Data shown:

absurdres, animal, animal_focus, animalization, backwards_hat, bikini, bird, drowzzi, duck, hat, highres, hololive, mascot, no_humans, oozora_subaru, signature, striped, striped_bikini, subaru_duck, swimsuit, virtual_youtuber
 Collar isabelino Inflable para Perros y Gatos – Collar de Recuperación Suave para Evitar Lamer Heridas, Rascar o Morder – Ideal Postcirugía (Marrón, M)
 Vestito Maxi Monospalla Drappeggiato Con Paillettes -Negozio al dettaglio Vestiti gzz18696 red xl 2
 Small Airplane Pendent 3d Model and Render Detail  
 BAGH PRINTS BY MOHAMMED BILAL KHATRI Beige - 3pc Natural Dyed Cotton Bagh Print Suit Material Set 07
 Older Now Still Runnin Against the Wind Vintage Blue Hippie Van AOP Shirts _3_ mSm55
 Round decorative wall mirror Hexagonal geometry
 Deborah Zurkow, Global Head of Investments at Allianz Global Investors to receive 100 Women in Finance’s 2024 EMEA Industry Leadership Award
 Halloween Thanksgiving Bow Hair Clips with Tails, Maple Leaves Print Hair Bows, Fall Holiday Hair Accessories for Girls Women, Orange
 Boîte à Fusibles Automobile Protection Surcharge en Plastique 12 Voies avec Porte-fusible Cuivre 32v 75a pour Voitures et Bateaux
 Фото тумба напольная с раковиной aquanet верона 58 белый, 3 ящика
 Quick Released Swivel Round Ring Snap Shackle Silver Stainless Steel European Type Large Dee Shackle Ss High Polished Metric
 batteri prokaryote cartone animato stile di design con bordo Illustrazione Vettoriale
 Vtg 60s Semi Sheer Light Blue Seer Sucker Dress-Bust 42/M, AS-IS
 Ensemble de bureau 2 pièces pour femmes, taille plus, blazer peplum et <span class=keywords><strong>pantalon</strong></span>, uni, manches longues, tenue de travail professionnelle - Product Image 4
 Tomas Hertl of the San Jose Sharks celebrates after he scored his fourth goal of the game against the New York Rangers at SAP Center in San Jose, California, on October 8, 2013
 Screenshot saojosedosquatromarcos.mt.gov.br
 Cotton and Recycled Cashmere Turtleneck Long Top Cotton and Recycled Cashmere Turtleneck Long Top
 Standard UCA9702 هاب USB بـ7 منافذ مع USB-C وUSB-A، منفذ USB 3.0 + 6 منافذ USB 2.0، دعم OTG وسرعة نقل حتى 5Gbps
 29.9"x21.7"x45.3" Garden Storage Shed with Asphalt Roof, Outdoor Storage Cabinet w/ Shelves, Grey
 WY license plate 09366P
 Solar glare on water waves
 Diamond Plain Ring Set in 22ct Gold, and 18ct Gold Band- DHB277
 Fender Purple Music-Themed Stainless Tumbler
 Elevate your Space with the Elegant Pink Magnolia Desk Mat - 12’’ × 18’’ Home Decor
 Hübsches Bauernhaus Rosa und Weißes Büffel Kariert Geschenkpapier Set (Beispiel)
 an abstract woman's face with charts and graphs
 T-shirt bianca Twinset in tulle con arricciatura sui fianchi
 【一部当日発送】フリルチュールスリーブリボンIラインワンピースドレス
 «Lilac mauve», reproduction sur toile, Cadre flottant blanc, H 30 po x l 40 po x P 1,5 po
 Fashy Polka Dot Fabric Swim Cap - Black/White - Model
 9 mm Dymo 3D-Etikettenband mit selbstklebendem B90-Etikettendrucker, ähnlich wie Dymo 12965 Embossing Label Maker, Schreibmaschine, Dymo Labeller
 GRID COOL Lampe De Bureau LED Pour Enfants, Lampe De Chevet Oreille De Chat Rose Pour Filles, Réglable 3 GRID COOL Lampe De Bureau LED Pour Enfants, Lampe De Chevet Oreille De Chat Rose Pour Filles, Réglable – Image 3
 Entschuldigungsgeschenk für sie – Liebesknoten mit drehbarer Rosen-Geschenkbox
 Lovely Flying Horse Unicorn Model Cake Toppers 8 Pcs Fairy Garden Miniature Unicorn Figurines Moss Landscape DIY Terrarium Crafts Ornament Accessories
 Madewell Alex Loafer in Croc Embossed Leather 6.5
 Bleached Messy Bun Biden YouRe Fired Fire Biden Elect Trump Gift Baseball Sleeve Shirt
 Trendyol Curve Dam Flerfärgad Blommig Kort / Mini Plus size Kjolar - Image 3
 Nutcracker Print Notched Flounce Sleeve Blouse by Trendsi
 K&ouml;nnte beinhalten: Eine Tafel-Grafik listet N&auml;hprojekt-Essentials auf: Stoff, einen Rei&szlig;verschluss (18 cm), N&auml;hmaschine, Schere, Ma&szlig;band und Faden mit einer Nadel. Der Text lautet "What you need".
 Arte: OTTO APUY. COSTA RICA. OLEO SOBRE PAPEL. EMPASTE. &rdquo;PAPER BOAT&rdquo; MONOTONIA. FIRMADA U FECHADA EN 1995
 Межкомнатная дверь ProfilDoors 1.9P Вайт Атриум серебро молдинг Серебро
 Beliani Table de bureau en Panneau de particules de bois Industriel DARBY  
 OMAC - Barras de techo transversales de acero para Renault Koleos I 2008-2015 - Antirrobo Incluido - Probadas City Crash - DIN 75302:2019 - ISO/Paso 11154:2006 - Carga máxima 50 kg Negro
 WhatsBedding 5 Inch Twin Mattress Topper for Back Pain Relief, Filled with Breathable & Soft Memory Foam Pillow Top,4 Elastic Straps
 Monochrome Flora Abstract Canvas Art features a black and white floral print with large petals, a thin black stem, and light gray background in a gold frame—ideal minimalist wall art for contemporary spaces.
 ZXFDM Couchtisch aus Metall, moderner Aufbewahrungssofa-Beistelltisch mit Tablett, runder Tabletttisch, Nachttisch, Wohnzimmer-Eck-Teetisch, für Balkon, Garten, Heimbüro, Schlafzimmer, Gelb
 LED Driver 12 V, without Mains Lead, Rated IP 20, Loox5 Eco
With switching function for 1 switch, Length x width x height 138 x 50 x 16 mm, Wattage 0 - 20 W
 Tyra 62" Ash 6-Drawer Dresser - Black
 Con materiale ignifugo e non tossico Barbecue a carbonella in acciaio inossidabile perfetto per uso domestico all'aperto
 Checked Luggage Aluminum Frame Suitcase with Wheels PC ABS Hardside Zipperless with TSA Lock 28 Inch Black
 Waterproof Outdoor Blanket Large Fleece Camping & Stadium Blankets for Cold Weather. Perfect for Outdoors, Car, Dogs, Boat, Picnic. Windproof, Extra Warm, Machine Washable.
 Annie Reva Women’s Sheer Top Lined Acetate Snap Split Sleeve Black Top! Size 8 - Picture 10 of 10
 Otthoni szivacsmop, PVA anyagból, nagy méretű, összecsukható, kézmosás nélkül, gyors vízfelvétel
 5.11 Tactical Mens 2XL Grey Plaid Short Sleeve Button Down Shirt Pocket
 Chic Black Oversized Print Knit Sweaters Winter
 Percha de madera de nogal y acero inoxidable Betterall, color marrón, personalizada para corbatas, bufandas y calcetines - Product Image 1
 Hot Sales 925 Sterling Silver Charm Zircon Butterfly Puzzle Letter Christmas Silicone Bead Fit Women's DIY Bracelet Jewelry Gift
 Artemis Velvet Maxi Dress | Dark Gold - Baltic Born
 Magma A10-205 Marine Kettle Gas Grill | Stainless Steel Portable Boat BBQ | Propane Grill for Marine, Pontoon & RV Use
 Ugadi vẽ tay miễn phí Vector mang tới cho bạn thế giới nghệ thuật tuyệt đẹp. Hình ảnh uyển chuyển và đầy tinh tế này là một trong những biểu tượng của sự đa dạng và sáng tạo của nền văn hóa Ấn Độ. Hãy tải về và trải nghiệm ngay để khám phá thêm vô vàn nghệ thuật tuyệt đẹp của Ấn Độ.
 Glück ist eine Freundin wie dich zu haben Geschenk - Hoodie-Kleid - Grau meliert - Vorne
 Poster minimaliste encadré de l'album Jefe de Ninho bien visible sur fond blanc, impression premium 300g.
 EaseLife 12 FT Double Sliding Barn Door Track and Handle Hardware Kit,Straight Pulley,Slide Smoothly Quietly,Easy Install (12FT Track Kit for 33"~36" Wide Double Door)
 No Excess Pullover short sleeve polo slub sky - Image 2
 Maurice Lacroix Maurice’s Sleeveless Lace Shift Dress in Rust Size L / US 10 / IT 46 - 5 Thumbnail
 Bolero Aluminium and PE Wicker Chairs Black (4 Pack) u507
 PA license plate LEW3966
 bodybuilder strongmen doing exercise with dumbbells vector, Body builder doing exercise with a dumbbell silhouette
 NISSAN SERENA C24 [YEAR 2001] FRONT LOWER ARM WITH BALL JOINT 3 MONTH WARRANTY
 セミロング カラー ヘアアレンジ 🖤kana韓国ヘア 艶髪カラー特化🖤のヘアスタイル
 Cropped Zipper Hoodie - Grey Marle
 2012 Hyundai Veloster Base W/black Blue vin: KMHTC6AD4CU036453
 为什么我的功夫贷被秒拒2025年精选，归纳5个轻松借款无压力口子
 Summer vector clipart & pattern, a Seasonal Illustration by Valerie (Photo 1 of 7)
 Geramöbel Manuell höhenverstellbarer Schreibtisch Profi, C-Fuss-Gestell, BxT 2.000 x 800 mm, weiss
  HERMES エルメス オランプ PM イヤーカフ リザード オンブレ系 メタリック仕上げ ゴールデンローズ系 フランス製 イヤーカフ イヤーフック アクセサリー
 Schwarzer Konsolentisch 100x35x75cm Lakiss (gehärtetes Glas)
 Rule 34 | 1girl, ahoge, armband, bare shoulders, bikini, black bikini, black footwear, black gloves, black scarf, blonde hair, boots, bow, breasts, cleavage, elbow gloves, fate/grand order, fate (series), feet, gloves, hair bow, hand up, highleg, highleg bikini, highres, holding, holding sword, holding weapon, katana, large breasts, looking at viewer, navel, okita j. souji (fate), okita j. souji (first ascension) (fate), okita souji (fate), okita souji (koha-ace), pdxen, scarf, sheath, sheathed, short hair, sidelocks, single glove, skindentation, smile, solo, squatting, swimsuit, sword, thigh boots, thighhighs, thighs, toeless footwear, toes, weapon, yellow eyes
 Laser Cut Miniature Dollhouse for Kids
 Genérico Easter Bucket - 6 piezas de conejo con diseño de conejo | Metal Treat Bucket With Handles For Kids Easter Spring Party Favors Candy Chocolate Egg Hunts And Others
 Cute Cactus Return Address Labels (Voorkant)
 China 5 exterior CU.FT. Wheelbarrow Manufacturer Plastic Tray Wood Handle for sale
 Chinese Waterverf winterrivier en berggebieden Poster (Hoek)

The problem:
Would you output, from the records above, exactly the run of lines that starts at the line containing "ZXFDM Couchtisch aus" and ends at the line containing "Con materiale ignifugo", and only that run?

Problem solution:
 ZXFDM Couchtisch aus Metall, moderner Aufbewahrungssofa-Beistelltisch mit Tablett, runder Tabletttisch, Nachttisch, Wohnzimmer-Eck-Teetisch, für Balkon, Garten, Heimbüro, Schlafzimmer, Gelb
 LED Driver 12 V, without Mains Lead, Rated IP 20, Loox5 Eco
With switching function for 1 switch, Length x width x height 138 x 50 x 16 mm, Wattage 0 - 20 W
 Tyra 62" Ash 6-Drawer Dresser - Black
 Con materiale ignifugo e non tossico Barbecue a carbonella in acciaio inossidabile perfetto per uso domestico all'aperto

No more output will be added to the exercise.